Getting this to happen was a lot of challenging and very educational work for me. Just compiling in rc and starting it was relatively simple - but the kernel alone didn't provide enough of an environment for rc to work properly. The namespace of kernel-devices-only was inadequate. What was needed was to create a workable mini-environment so rc could operate normally. I decided to start a ramdisk at boot, and make a skeleton fs with a workable minimal environment within it. This led to an intense period of trial-and-error as I learned exactly what parts of the namespace were essential. Some of my most satisfying moments in software development were when things started to actually work and I was able to boot a kernel and drop into an interactive rc session with a minimal set of standard tools and do things with no standard root fs at all.

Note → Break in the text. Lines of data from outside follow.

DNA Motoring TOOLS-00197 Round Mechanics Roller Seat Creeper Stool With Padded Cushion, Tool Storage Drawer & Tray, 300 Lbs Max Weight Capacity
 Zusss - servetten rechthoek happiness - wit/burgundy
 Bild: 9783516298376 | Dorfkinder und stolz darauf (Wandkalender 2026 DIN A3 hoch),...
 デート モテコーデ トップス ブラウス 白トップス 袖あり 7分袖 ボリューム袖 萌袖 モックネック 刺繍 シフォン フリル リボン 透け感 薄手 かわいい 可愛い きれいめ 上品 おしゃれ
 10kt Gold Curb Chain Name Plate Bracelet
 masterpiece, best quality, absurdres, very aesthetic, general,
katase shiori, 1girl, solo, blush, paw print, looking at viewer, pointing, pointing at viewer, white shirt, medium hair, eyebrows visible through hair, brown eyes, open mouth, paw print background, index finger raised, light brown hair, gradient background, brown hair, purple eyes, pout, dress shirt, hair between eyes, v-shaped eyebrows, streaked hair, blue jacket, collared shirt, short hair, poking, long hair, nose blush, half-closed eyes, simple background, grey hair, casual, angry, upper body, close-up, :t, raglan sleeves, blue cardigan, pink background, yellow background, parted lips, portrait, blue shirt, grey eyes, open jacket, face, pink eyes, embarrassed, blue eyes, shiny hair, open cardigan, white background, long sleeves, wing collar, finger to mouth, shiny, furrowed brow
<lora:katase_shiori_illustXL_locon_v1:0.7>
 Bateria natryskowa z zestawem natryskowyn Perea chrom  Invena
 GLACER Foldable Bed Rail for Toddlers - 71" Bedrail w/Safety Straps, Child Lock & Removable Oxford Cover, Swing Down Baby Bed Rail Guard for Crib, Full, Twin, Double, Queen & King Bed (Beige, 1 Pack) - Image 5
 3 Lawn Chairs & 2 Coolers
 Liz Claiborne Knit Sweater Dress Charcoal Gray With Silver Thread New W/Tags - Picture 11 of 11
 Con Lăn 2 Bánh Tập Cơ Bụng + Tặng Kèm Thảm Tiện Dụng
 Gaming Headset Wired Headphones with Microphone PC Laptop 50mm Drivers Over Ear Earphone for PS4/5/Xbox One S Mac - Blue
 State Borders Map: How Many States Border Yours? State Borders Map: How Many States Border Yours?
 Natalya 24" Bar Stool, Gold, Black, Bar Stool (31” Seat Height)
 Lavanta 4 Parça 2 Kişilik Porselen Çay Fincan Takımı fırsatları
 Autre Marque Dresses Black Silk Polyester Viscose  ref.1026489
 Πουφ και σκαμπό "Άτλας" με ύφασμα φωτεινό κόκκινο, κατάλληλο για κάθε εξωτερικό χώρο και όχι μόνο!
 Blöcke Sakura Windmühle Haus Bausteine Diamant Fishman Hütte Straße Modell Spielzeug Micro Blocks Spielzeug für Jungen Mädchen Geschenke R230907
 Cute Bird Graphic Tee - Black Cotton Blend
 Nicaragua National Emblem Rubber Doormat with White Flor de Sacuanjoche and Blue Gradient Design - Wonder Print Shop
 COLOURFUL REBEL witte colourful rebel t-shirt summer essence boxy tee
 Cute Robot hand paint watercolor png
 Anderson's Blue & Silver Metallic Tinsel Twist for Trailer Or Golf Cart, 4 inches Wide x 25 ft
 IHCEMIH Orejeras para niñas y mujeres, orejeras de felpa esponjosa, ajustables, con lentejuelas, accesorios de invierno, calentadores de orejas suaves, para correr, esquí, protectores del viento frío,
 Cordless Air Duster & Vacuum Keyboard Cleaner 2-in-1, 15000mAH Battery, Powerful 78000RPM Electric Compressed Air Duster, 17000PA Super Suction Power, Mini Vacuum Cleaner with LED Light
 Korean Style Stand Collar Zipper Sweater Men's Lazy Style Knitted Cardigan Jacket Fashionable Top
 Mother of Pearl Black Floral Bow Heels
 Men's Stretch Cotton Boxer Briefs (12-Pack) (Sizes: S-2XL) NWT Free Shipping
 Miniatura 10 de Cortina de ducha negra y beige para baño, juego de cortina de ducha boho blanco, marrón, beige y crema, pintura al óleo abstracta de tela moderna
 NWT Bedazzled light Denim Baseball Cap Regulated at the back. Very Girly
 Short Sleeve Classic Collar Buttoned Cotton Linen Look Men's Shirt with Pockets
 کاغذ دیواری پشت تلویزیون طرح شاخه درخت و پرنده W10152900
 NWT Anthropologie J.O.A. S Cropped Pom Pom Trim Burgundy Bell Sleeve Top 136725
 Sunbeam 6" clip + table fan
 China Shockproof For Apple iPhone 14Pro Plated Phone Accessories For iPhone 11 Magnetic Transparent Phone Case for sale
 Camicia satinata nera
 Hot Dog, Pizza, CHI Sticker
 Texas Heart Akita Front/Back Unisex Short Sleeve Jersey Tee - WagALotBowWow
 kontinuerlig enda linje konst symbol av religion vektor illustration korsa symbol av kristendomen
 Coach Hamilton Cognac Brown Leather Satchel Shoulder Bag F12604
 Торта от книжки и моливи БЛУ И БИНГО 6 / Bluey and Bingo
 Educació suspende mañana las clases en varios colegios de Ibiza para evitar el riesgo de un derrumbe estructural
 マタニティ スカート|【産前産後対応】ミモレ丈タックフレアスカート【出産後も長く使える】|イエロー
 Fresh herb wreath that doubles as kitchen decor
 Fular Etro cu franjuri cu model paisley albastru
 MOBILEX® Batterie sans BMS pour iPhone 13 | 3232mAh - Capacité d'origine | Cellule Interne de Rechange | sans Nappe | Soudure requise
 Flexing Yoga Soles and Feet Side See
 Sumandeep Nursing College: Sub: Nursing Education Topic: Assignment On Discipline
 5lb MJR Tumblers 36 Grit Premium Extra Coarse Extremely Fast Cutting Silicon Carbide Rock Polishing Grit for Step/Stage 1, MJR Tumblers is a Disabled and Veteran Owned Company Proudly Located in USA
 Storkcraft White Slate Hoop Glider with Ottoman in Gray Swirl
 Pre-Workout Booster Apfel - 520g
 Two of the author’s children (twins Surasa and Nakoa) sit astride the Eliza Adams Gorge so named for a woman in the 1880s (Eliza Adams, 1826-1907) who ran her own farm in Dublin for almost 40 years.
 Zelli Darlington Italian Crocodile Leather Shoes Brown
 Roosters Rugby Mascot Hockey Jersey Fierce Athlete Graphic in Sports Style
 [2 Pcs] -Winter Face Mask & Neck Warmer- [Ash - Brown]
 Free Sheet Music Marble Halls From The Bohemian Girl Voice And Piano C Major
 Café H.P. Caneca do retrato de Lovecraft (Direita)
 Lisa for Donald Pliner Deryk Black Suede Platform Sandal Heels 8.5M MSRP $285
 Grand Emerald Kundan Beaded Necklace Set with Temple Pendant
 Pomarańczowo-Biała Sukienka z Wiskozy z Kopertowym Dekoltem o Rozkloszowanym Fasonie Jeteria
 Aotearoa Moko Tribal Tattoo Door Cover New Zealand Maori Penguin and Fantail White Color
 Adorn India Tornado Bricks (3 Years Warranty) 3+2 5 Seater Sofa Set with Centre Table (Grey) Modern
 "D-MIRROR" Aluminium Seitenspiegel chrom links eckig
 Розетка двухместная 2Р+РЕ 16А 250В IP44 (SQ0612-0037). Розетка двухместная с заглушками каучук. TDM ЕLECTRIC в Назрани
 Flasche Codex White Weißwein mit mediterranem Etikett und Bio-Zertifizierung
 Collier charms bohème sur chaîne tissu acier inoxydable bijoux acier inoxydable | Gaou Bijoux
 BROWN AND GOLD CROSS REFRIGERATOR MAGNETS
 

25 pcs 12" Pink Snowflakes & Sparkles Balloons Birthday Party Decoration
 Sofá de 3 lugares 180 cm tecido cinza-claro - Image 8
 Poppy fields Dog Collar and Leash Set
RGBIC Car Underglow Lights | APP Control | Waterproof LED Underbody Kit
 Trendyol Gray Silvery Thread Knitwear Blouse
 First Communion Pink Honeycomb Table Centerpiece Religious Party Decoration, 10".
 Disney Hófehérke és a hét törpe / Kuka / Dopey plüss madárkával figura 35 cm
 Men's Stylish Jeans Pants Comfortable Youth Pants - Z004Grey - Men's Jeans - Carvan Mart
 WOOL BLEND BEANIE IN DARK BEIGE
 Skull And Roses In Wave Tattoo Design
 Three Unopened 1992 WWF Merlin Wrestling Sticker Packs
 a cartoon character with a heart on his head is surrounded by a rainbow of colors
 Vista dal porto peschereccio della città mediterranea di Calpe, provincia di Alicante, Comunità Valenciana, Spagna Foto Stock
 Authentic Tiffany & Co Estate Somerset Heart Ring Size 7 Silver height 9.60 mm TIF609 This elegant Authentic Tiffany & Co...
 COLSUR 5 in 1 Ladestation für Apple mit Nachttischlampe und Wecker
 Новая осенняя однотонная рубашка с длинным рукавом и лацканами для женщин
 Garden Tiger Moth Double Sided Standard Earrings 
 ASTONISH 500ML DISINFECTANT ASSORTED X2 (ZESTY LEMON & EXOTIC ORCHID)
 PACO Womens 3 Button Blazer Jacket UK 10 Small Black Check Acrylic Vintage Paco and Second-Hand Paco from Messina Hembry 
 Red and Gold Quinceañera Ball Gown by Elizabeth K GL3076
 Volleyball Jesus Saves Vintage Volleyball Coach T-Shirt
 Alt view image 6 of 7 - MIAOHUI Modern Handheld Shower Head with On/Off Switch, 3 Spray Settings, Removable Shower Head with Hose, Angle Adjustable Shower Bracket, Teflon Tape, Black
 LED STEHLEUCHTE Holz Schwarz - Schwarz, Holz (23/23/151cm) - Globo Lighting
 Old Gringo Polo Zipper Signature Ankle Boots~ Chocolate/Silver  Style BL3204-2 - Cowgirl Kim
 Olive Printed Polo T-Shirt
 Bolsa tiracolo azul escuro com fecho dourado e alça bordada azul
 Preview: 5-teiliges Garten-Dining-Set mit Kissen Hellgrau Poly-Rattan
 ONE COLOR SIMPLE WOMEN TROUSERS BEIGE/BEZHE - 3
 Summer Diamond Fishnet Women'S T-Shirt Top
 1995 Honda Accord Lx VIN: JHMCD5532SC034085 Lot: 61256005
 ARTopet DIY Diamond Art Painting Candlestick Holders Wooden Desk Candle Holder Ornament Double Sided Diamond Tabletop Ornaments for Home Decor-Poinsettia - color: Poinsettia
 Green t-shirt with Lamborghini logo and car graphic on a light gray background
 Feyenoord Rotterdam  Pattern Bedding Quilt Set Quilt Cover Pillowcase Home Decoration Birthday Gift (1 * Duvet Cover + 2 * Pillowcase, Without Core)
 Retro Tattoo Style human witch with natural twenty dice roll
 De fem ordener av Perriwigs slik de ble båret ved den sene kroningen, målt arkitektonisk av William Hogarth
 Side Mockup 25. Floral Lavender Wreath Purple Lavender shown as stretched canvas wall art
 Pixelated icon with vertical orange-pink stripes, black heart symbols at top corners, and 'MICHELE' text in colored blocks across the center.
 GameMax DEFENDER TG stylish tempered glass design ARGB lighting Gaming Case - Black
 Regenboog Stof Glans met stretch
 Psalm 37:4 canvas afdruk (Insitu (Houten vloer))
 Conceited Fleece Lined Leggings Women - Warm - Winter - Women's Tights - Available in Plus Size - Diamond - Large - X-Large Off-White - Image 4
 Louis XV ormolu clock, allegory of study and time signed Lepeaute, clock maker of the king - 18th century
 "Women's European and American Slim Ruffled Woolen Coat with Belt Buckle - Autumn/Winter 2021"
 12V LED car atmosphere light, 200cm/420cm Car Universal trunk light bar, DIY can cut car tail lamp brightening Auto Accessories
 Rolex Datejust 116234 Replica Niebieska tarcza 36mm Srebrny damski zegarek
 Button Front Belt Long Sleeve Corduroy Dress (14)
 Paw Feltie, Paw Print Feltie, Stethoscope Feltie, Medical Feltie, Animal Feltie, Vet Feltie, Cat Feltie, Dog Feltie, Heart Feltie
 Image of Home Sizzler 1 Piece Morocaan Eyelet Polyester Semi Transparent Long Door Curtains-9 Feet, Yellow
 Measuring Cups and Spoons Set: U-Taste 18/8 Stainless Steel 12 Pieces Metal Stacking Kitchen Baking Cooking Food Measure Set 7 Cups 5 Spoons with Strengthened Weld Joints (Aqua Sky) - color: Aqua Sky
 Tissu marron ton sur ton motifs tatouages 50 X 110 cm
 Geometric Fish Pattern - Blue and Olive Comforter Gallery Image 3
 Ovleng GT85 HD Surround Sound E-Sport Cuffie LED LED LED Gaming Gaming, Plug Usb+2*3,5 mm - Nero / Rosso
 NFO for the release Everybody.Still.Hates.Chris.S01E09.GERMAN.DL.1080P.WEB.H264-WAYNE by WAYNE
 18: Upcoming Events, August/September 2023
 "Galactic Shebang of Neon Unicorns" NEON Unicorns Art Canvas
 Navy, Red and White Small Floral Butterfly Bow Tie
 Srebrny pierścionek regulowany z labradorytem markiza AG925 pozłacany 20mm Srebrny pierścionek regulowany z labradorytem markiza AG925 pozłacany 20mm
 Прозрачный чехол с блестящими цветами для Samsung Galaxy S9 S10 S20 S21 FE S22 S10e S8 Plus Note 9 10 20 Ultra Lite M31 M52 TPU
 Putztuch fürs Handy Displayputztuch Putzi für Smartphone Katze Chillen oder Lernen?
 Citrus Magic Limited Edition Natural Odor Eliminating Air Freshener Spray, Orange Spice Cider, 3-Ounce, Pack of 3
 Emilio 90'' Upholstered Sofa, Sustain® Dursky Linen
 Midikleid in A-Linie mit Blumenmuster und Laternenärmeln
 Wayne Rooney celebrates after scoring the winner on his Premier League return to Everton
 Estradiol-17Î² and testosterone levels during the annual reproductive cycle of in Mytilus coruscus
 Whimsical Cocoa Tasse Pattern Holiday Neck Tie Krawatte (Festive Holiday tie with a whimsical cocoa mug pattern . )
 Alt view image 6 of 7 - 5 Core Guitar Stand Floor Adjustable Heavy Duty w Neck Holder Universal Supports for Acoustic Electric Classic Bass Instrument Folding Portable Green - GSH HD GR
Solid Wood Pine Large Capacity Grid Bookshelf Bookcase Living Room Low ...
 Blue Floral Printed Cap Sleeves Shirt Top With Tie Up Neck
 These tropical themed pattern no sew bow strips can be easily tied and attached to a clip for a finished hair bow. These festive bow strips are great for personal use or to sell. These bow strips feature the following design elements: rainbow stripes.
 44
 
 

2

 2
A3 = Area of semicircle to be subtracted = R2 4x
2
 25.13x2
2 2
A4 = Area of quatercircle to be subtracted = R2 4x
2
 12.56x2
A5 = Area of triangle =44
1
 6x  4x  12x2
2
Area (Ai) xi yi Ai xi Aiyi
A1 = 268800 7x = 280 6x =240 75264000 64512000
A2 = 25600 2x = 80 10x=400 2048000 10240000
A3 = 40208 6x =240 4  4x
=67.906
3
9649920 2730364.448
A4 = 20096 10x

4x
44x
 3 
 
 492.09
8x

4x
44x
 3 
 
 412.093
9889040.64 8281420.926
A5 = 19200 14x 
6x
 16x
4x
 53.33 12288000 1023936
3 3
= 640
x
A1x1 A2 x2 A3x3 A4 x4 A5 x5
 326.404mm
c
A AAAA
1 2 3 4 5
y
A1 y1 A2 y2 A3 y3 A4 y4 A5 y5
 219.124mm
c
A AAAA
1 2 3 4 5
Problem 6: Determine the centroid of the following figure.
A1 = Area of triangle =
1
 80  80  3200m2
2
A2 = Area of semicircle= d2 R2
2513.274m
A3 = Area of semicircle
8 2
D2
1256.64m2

I got excited by the possibilities, and realized that I could make the minimal boot namespace truly self-sufficient if I was able to get rio working in that environment, and allow the user to access the independent namespace via cpu. Once that was worked out, I realized that it would be very powerful to be able to create a subrio that would be inside the standard user namespace - this led to the creation of the "rerootwin" script, a tool I find very useful but which hasn't caught on with other users as much as I expected. Plan 9 has a nice mechanism to enter a new namespace, auth/newns, which uses a namespace file to rebuild the namespace entirely. Unfortunately, trying to use newns with the standard namespace file when you are cpu in remote doesn't work right - when you are cpu/drawterm in, your input/output is coming from devices bound from /mnt/term, and not only does standard ns file not know to bind from there, but /mnt/term won't even exist. The solution is one that I still think is quite clever - what is needed is to use srvfs of /mnt/term to create a mountable connection to the originating fs of the machine being cpu'd from, and then have a customized namespace file that mounts the main root from /srv and also mounts the srvfs of the /mnt/term and binds the devices in place. This is the "rerootwin" script which I find to be an essential component of working with multiple independent namespaces.

Release, and development hiatus

I announced both the writable ns mod and the rootless boot system to 9fans at the start of January 2010, and received little response other than skepticism that these mechanisms were useful. In the years since, I have learned that even though feedback from others can be invaluable, it is generally a mistake to be emotionally dependent on the reactions of other people to feel fulfilled or satisfied by one's own work. Due to the lack of demand for additional work on my projects, as well as other factors in life, I didn't really continue to build on what I had done. I played around with a few projects and ideas for the rest of 2010, but released nothing of note. Personal factors also started to supervene: I had remained close to family in adulthood, and my father's worsening health began to sap my energy and attention for other things. He died in early 2012, and the rest of that year I was focused on helping my mother in the aftermath, as well as moving through my own grieving process. The story of ANTS resumes in 2013.